I thought I would let you take a look at my recent reading list.
The Distant Marvels by Chantel Acevedo
This story is set in the Cuba of 1963, in the eye of a hurricane, and in the mind of a woman whose imagination will sweep you away.
Maria Sirena is the narrator, a storyteller who brings to listener and reader distant marvels. She has lived a long and eventful life. At the beginning of the book, she is evacuated from her village on the sea because of an approaching natural disaster. She, and other women like her, are taken to an old mansion, which the young policewoman claims is much safer than their homes. Maria Sirena decides to spend her time telling the women stories of her life, some fantastical, some terrible.
The scene shifts from the mansion to Maria’s memories, which are always vivid and tinged with melodrama. She says she remembers everything that ever happened to her, including her birth at sea, and the subsequent captivity. We learn about the Cuban war for independence in the nineteenth century, the tension between the rebels and the Spanish settlers, her doomed love affair with a young black man, and the courage that is specific to a woman who knows hardships of both body and heart.
There is a folkloric, almost fairytale-like quality that pervades this story, and who is to say we do not need a 1001 Nights reboot, Cuban style. In revealing the secrets she has guarded for so long, Maria Sirena shows us her strength and vulnerability. But like all stories, this one too comes to an end.
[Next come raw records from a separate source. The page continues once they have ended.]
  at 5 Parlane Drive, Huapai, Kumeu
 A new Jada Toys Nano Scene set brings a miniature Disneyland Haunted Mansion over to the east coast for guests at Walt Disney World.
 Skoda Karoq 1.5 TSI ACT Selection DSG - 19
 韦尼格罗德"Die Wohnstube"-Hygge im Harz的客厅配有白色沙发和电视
Queer: A Graphic History by Meg-John Barker and Julia Scheele
This is the love child of a graphic novel and academic text that aims to simplify for us Queerness, in its historical context and how it is expressed in present day. The legacy of the word queer is explored – the many meanings it has held over the years, how intellectuals have defined it, how we may incorporate the word and its philosophy in our own lives. The book also takes a look at how traditional models of queerness have frequently ignored race, class, disability, and other forms of privilege. It encourages us to rethink our preconceived notions about what is right or wrong, and our assumption that sexuality and gender are binary.
At times, the text feels dense, and I’ll admit I didn’t understand all of it. But the book succeeds in working as a primer. It even provides a list of resources at the end if we’re interested in further reading. The artwork, of course, was wonderful.
Palestine by Joe Sacco
Joe Sacco spent some time in Palestine in 1991-92 as an observer, trying to get out of this experience some stories about what it is like for Palestinians living in occupied territory. Palestine is a graphic novel that is also comics journalism and a personal narrative.
We are introduced to many characters: women who’ve lost all the men in their family, wounded children, teenagers fighting for the cause, soldiers, tortured prisoners, and even a couple of Israeli women who hold conflicting opinions about their nation’s activities. We see the life in refugee camps, the squalor and dirt. We also see how this doesn’t stop the inhabitants from being hospitable, plying guests with sugary tea and an assortment of snacks, to go with their gruesome stories. The visuals are rich in detail, sometimes too much so, that I had to look away.
I was unable to read more than a few pages at once, in spite of the straightforward tone the author uses, and the surprising lack of sentimentality. He presents to us without frills the story of a people without a land, in all of its tragic, complex, and unjust dimensions.